**Data provided**
□ □ □

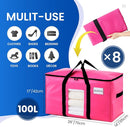 TAILI 8 Pack Pink Extra Large Moving Bags, Heavy Duty Totes with Visible Window, Wrap Around Handles, Space-Saving Storage, Alternative to Moving Boxes by TinyTreasures Baby Boutique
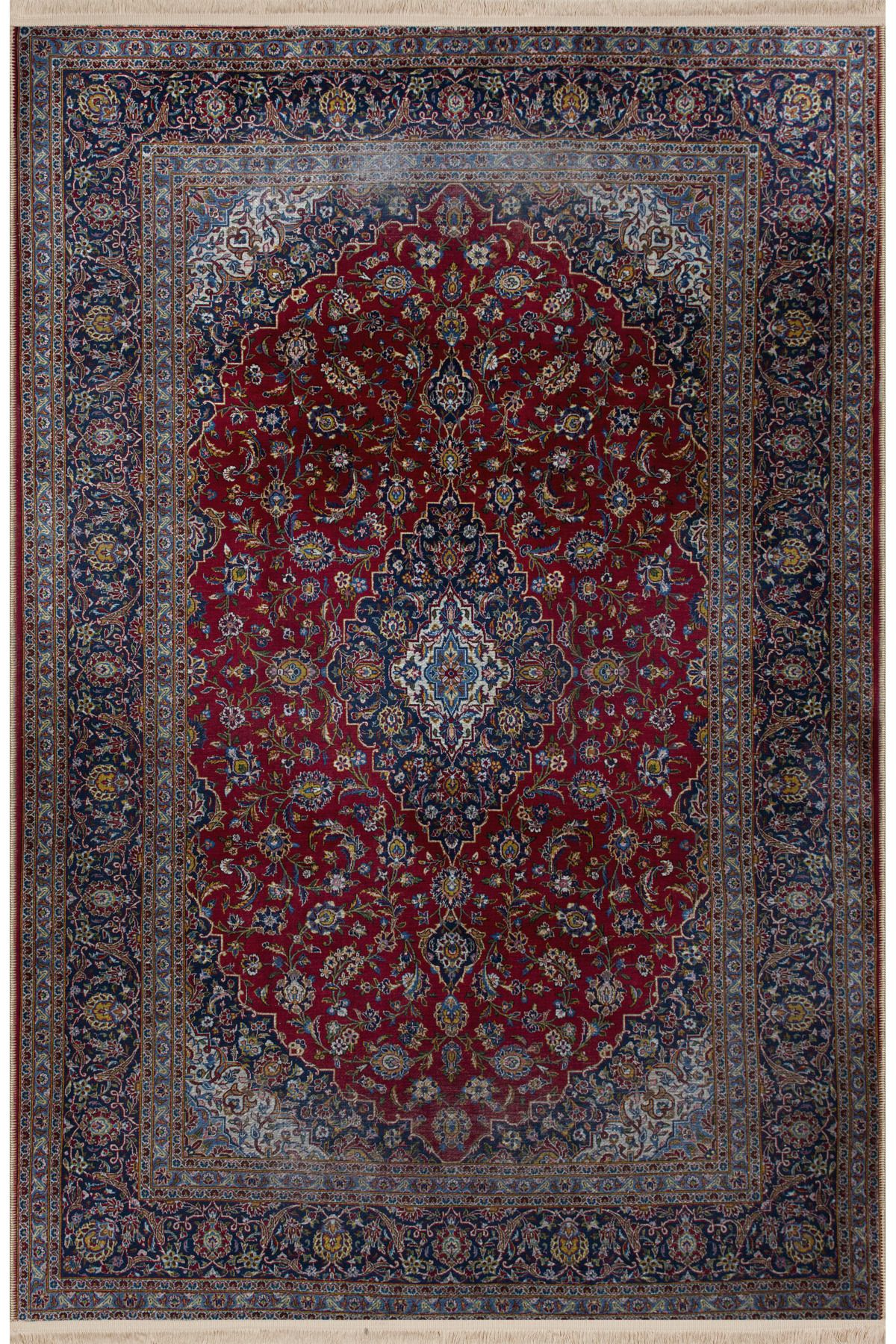Bordo Temalı Çok Renkli Geleneksel Motif Desenli Vintage Dekoratif Halı 2909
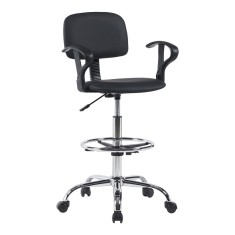 Scaun de birou Icina E, Pako World, PU, Negru, 58x54x102-123 cm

□ □ □

Please give back every line above exactly as it stands, without pictures.

 TAILI 8 Pack Pink Extra Large Moving Bags, Heavy Duty Totes with Visible Window, Wrap Around Handles, Space-Saving Storage, Alternative to Moving Boxes by TinyTreasures Baby Boutique
Bordo Temalı Çok Renkli Geleneksel Motif Desenli Vintage Dekoratif Halı 2909
 Scaun de birou Icina E, Pako World, PU, Negru, 58x54x102-123 cm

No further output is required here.